En un bordillo de la calle Victoriana Villachica de Toro, una madre con aspecto fatigado ejercita la paciencia para contarle a su hijo, que apenas tendrá un par de años y que va vestido de amarillo casi por completo, por qué están ahí y qué es lo que van a ver. La labor que los vecinos de la ciudad realizan de manera machacona para pasar la tradición de su carnaval de padres a hijos permite que el desfile que ese pequeño va a ver a continuación sea un espectáculo de ingenio y pasión. Porque las cosas no suceden por arte de magia, hay que trabajarlas. Y Toro curra de lo lindo para mostrarle al mundo una fiesta singular y que desprende sentimiento.

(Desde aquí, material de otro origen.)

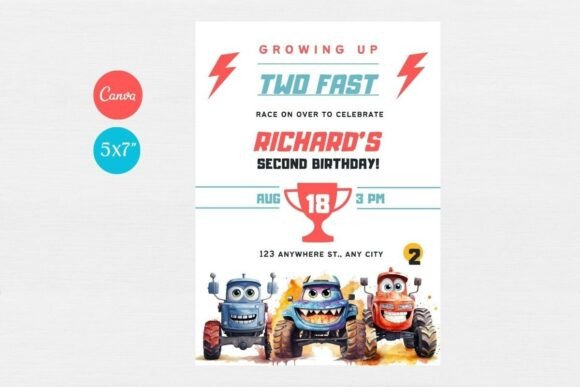 Download Baby Shower Welcome Sign &amp; Invitation - Invitation Collection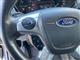 Billede af Ford Transit Custom 290 L1H1 2,0 TDCi Sport 170HK Van 6g Aut.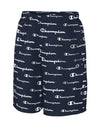 Champion Mens Powerblend Shorts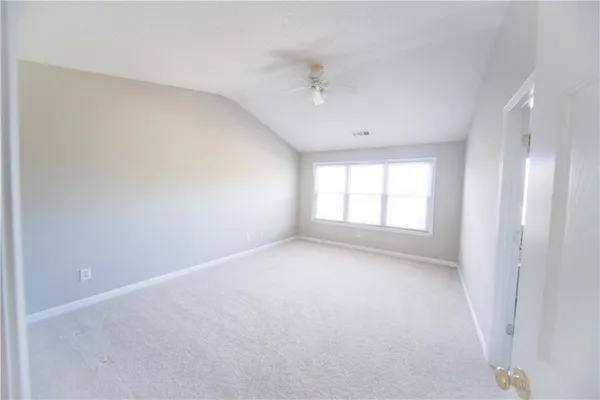 $2,200 | 4113 Glenaire Way Northwest, Acworth, GA 30101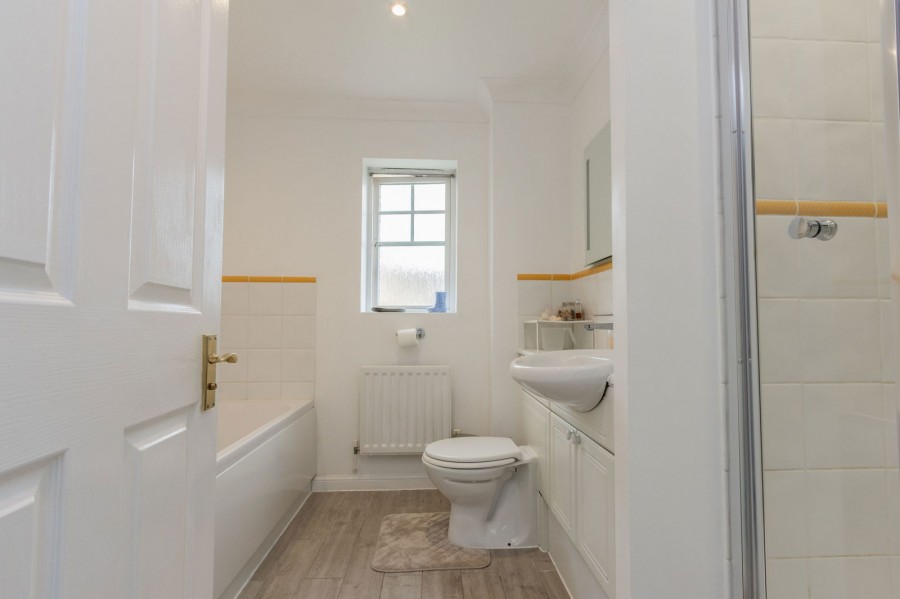 Images for Popular Residential Location In Staplehurst EAID:366206731 BID:bid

El desfile del martes, que partió de la plaza de San Francisco para recorrer las principales vías de la ciudad, fue otro ejemplo de talento al servicio de la fiesta. Al ritmo de las charangas, de la música moderna, del «carnaval, te quiero» o incluso de los Dire Straits para los más clásicos, los grupos exhibieron sus disfraces, montaron su teatro particular en las calles, bromearon con la gente de la fila y exprimieron hasta el último metro el recorrido acotado.
Hasta algún coche se disfrazó de bombón de Ferrero Rocher para anticipar la llegada de las chocolatinas y seguir de cerca las evoluciones de unos «mexicanos cermeños» con el baile bien entrenado. Tampoco faltaron las películas, en este caso dentro del autocine Imperio ideado por unos niños que se habían llevado el primer premio del concurso infantil y que pasearon también el galardón por la comitiva de los mayores.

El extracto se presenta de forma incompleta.